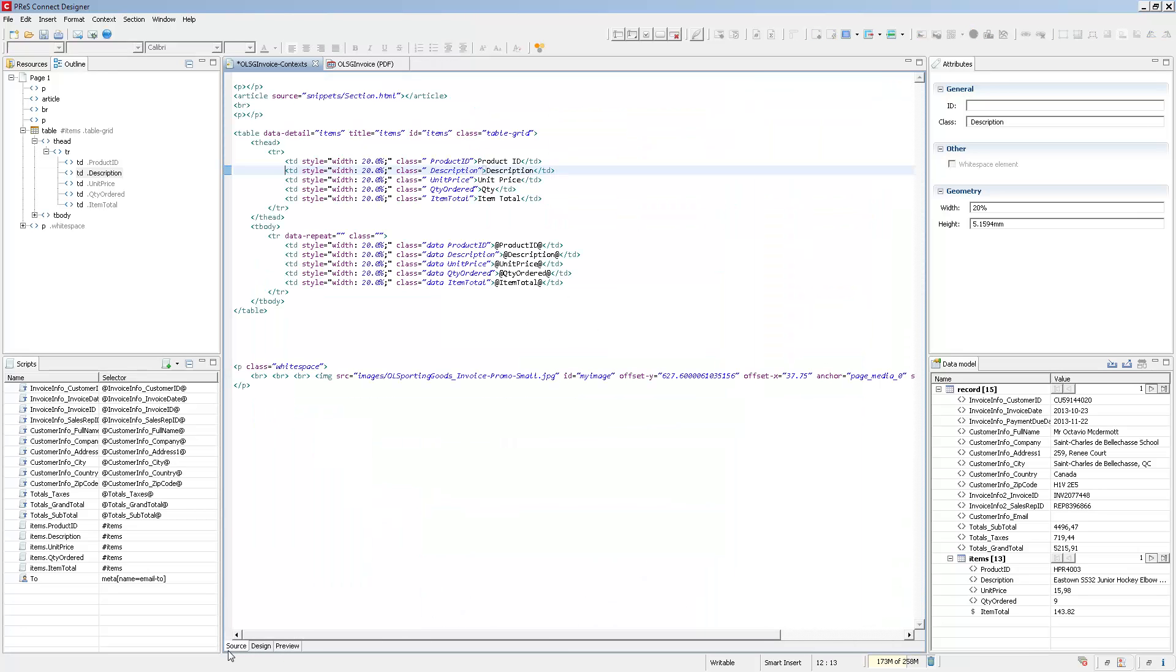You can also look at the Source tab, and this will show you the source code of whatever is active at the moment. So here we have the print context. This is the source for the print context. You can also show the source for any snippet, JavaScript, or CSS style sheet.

────────────────────

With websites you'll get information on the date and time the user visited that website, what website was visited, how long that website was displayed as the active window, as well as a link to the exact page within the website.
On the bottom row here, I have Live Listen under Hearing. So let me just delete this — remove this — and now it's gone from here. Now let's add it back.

────────────────────

Problem description. Within the listing above, give again exactly every line from the line with "With websites you'll" through the line with "On the bottom", both included, and no other line.

Output of the exercise.
With websites you'll get information on the date and time the user visited that website, what website was visited, how long that website was displayed as the active window, as well as a link to the exact page within the website.
On the bottom row here, I have Live Listen under Hearing. So let me just delete this — remove this — and now it's gone from here. Now let's add it back.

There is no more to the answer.